## Problem statement
Exclude all pictures from your copy of the data below, which should otherwise match exactly.

## Input data
• • • •

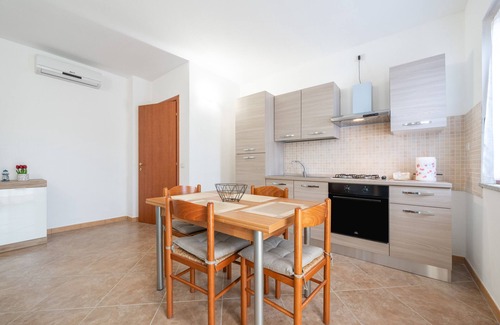 Masainas Appartement | Holiday Apartment "Is Lais 3" with Sea View, Shared Garden & Wi-Fi
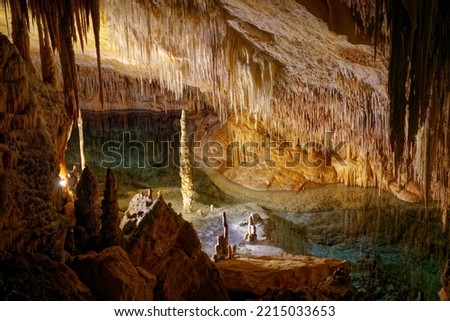 
Flowstone cave Cuevas Drach (Cuevas Coves) at Mallorca Island, Spain, with stalactites at ceiling and stalagmite on the floor on an autumn day. Photo taken 11th October, 2022, Mallorca Island, Spain.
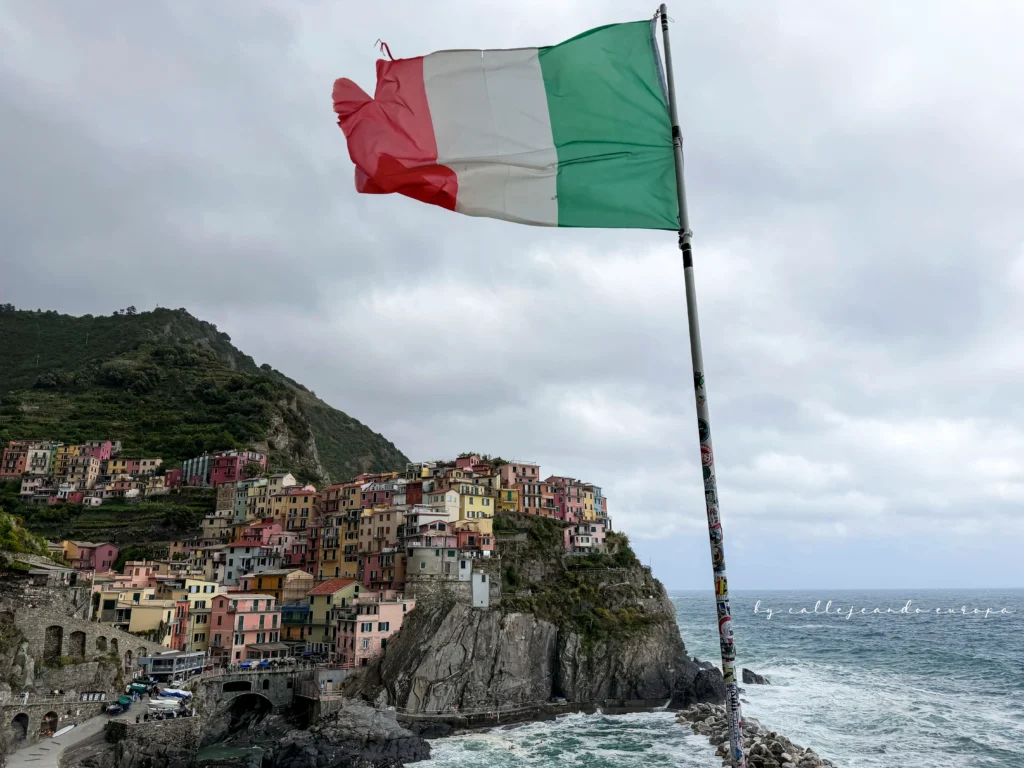 Vistas del pueblo de Manarola en Cinque Terre con la bandera de Italia en primer plano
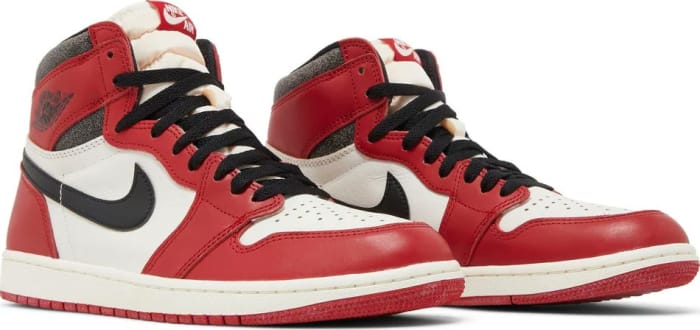 View of red, white, and black Air Jordan 1 shoes.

• • • •

## The completed task
 Masainas Appartement | Holiday Apartment "Is Lais 3" with Sea View, Shared Garden & Wi-Fi
Flowstone cave Cuevas Drach (Cuevas Coves) at Mallorca Island, Spain, with stalactites at ceiling and stalagmite on the floor on an autumn day. Photo taken 11th October, 2022, Mallorca Island, Spain.
 Vistas del pueblo de Manarola en Cinque Terre con la bandera de Italia en primer plano
 View of red, white, and black Air Jordan 1 shoes.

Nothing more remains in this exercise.